---
numbering:
  title:
    offset: 1
---

(ch3.2)=
# Function Operations

:::{caution} Under Construction
We have not integrated the demos into the text yet. To start interacting with them, go to this [Notebook](https://datahub.berkeley.edu/hub/user-redirect/git-pull?repo=https%3A%2F%2Fgithub.com%2Fds-modules%2FDATA-89&branch=main&urlpath=tree%2FDATA-89%2Fbasic_functions_week_3.ipynb).
:::

A function operation is a procedure we can apply to transform or combine functions. Function operations are the essential tools that make mathematical modeling expressive. They are also the key to breaking complicated functions down into bite-sized pieces. The better you get at recognizing functions, and the richer your album of mental images, the more efficiently you will be able to break down formula into their pieces, visualize each piece, then visualize their combinations. 

:::{tip} Strategy
Try to expand your function as a transformation, or combination, of simpler pieces. Since visualizing transforms and combinations is hard, use as few pieces as you can.
:::

## Linear Transformations...
1. **to the Input:** These transforms are used to generalize almost every distribution family. They need to be instinctive. 
    - **Horizontal Translation:** Replace $f(x)$ with $f(x - s)$ to **translate** the function horizontally by a shift $s$. For example, $f(x - 3)$ looks like $f(x)$ shifted horizontally to the right by 3 units. 

    ![Horizontal Translation](normal_shift_example.svg "Horizontal Translation")

    - **Dilation:** Replace $f(x)$ with $f(x/a)$ for some $a > 0$ to **dilate** the function.
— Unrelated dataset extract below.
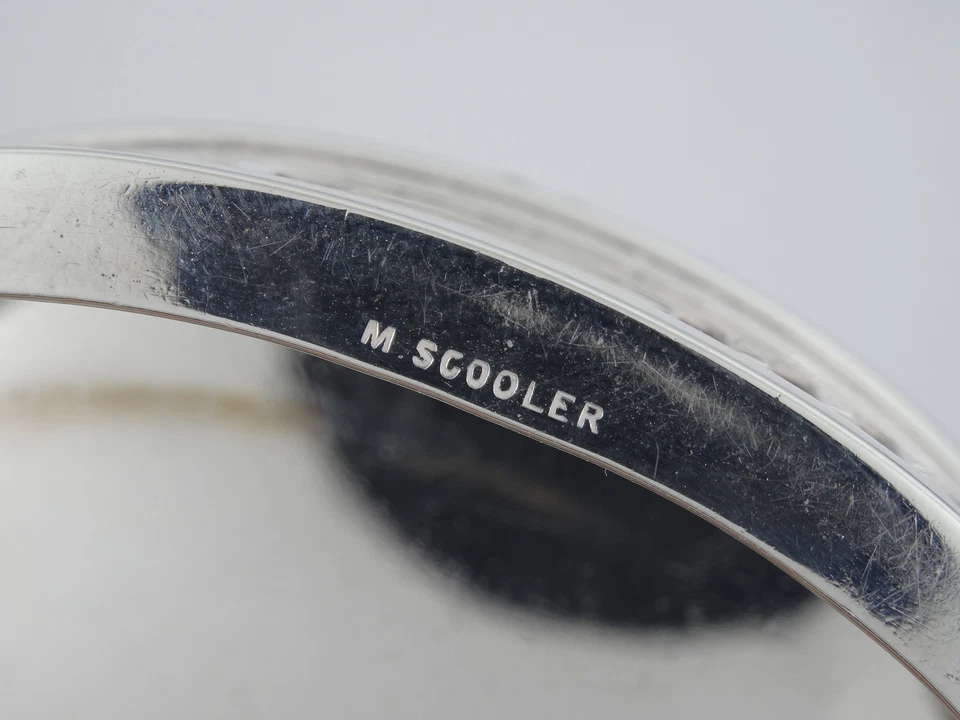 RARA CAJA RETICULADA ANTIGUA DOMINICK & HAFF ESTERLINA CON BISAGRAS VENDIDA POR M. GOONER  Foto 2 de 4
You can think of $a$ as controlling a zoom factor on the horizontal axis.
        - Using $a$ less than 1 compresses the function by making it narrower. 
        - Using $a$ greater than 1 expands the function by making it wider. For example, setting $a = 3$ makes the function three times wider.
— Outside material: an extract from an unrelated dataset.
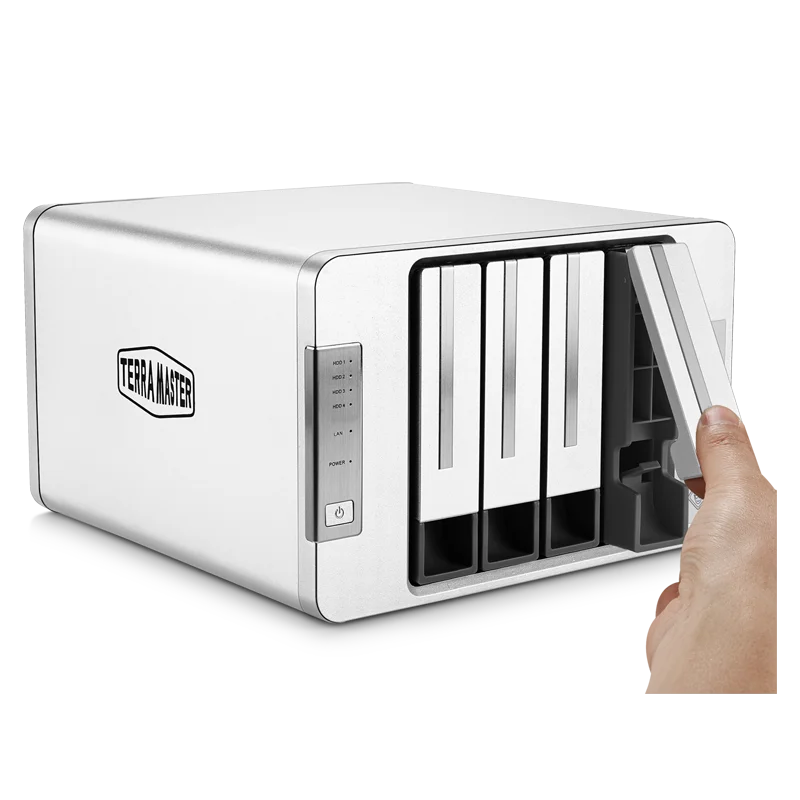 Сервер NAS 4Bay для бизнеса/дома 124 дюйма высокая скорость 4 Hdd сетевое хранилище с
        ![Horizontal Dilation](normal_dilation_example.svg "Horizontal Dilation")

        - If $a < 0$ then the result also reflects $f$ about $x = 0$. 

    - **Generic:** Replace $f(x)$ with $f((x - s)/a)$.

1. **to the Output:** We can apply the same operations to the outputs of functions. 
    - **Vertical Translation:** Replace $f(x)$ with $f(x) + h$ to **translate** the function vertically by a height $h$. For example, $f(x) + 2$ looks like $f(x)$ shifted vertically by 2 units.

    ![Vertical Translation](vertical_translation_example.svg "Vertical Translation")

    - **Vertical Scaling:** Replace $f(x)$ with $c f(x)$ to **scale** the function. You can think of $c$ as controlling a zoom factor on the vertical axis. 
        - Using $c < 1$ shrinks the function by making it shorter.  For example, replacing $f(x)$ with $\frac{1}{3} f(x)$ compresses $f$ vertically by a factor of 3.

        ![Vertical Scaling](vertical_scaling_example.svg "Vertical Scaling")

        - Using $c > 1$ expands the function by making it taller.
        - If $c < 0$ then the function reflects about the horizontal axis.

    - **Generic:** Replace $f(x)$ with $c f(x) + h$.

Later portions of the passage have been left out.